Where’s your book? he asks one day.
Oh, that. It’s on the shelf.
Because it’s a waste of time, that’s why. Who gets to write a children’s book? Who gets to write a children’s book and have it published by Zondervan?
I had started Love Letters from God several months before, inspired by the beautiful words of Sally Lloyd Jones, as I read her Jesus Storybook Bible.
Every morning I would eagerly grab my pen, pour out my soul on the page, and be swept away by the beauty and mystery of the creative process. What began as an empty, blank sheet of white was somehow filled with life.
On those mornings, I think I knew how God must have felt when, from a desolate void of nothing, came a wonderful world of everything. It was good.
Then I stopped.
I stopped because I had a visitor one day. I never saw him, but I heard his voice whisper in my ear as he tapped me gently, but persistently, on the shoulder.
What are you doing? You can’t write a children’s book. You’ll never get it published. You’re wasting your time.

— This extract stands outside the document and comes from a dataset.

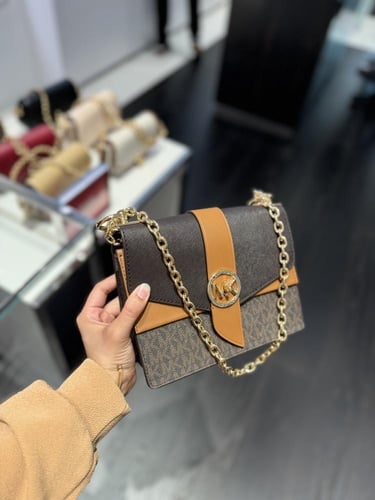 شنطة مايكل كورس بني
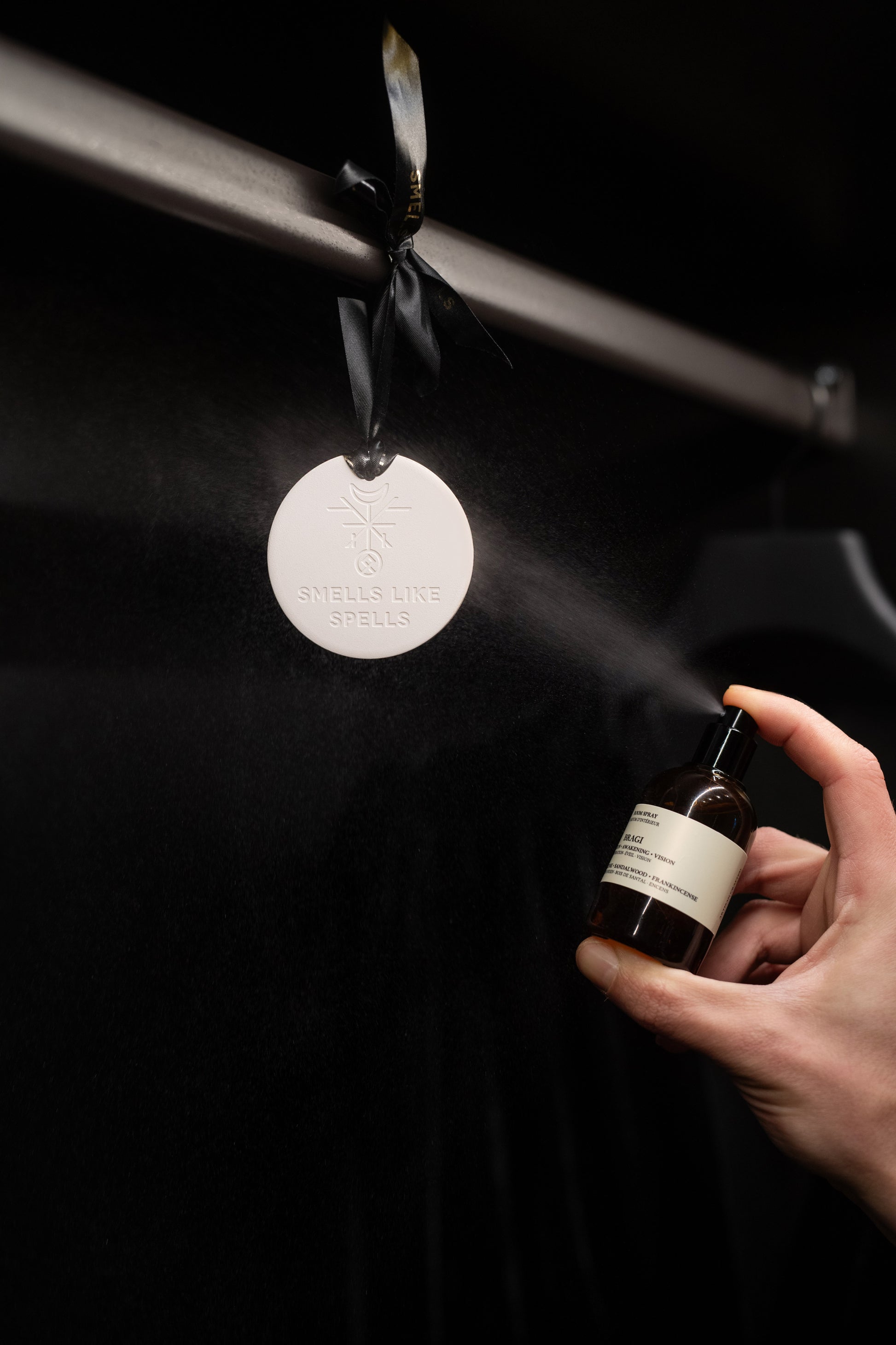 Hand holding a bottle of perfume next to a hanging metal disc with branding on a dark background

I listened to that voice. It was hard not to. Obediently, I put my half-finished manuscript on the shelf, where it sat. For a long time.
Enter David, my husband, whose middle name is Encourager.
Glenys, do you believe that God called you to write that book?
The answer to that was easy. I had known the truth of that since the very beginning.
Do you believe God wants you to finish it?
The answer to that was easy too, even though I didn’t want to say the word.
And then David says something I will never forget. It’s simple, and silly, and utterly life-changing.
Well why would you not finish it…
What would have happened if Noah had only built half a boat?
One of the reasons I married David is because he could always make me laugh. I laughed at the thought of all the animals falling off a half-constructed boat, and the impossibility of such a vessel floating. But even though I laughed, that silly statement was exactly what I needed.
I pulled out that half-written manuscript, blew the dust away, picked up the pen, and began to write. The rest, as they say, is history.
Love Letters from God would be published, four years later, by Zondervan. That one book would turn into a series of its own, and point the way to twelve other titles.
And I think about all those abandoned manuscripts, half-written, lying on dusty shelves, in hope-robbed rooms, and how God cannot possibly publish half a book.
I think about Jesus, and what might have happened if, half way through his ministry, he had given up. But he didn’t. He completed fully the work to which he was called, until finally, one day, he was able to say:
And wasn’t it only when Jesus had finally finished, that God could really start?